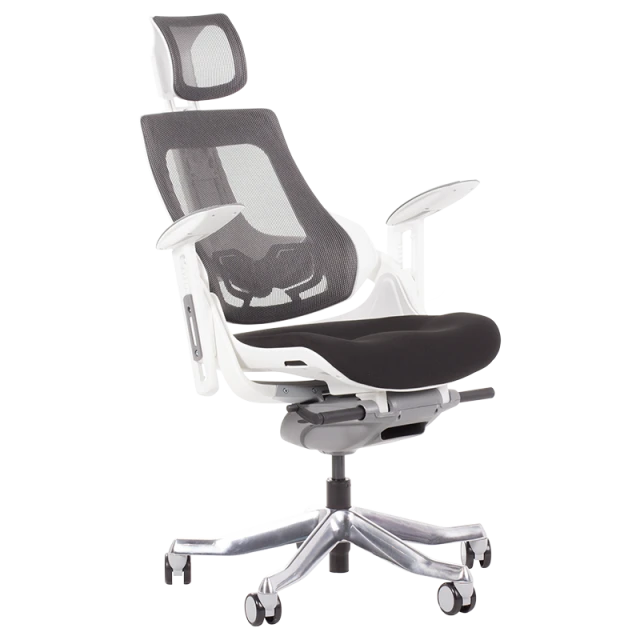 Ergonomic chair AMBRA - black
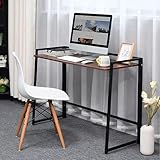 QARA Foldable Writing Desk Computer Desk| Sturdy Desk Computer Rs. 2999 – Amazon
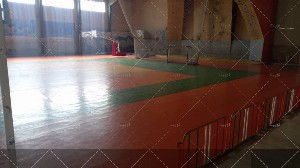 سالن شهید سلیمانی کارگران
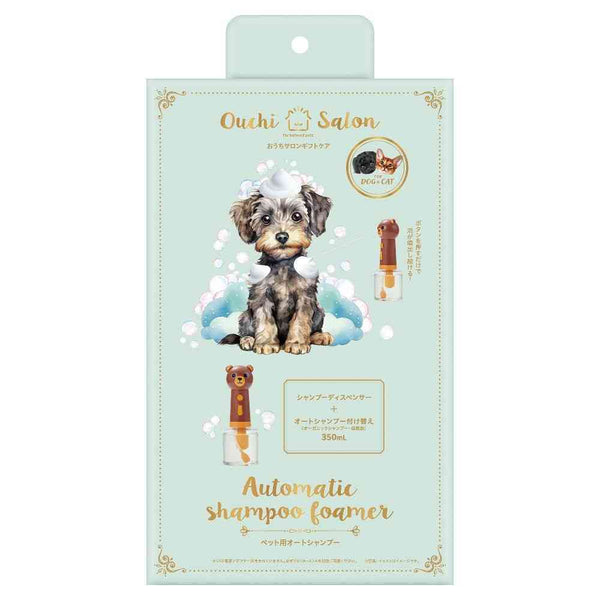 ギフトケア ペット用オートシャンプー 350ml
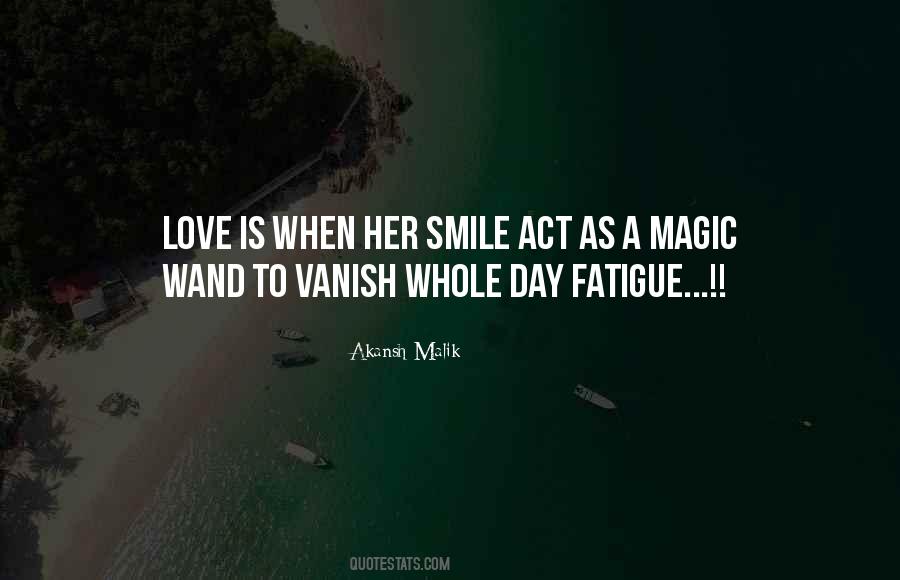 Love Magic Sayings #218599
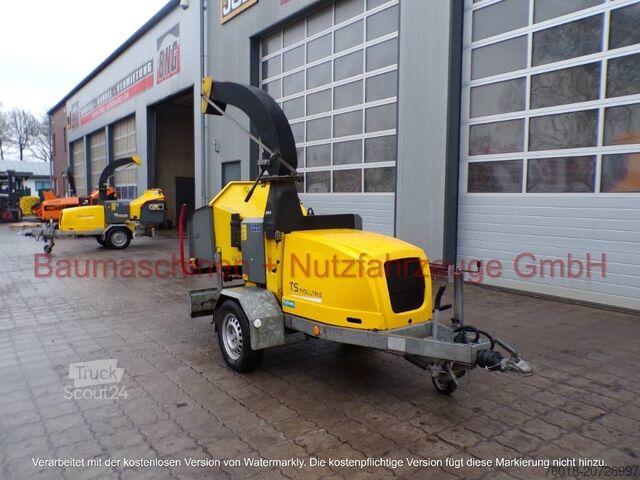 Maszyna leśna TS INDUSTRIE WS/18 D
|---|
__Work to be completed__:
Please quote the records above exactly, beginning at the line that contains "سالن شهید سلیمانی کارگران" and ending at their last line. Leave the pictures out.

__Problem solution__:
 سالن شهید سلیمانی کارگران
 ギフトケア ペット用オートシャンプー 350ml
 Love Magic Sayings #218599
 Maszyna leśna TS INDUSTRIE WS/18 D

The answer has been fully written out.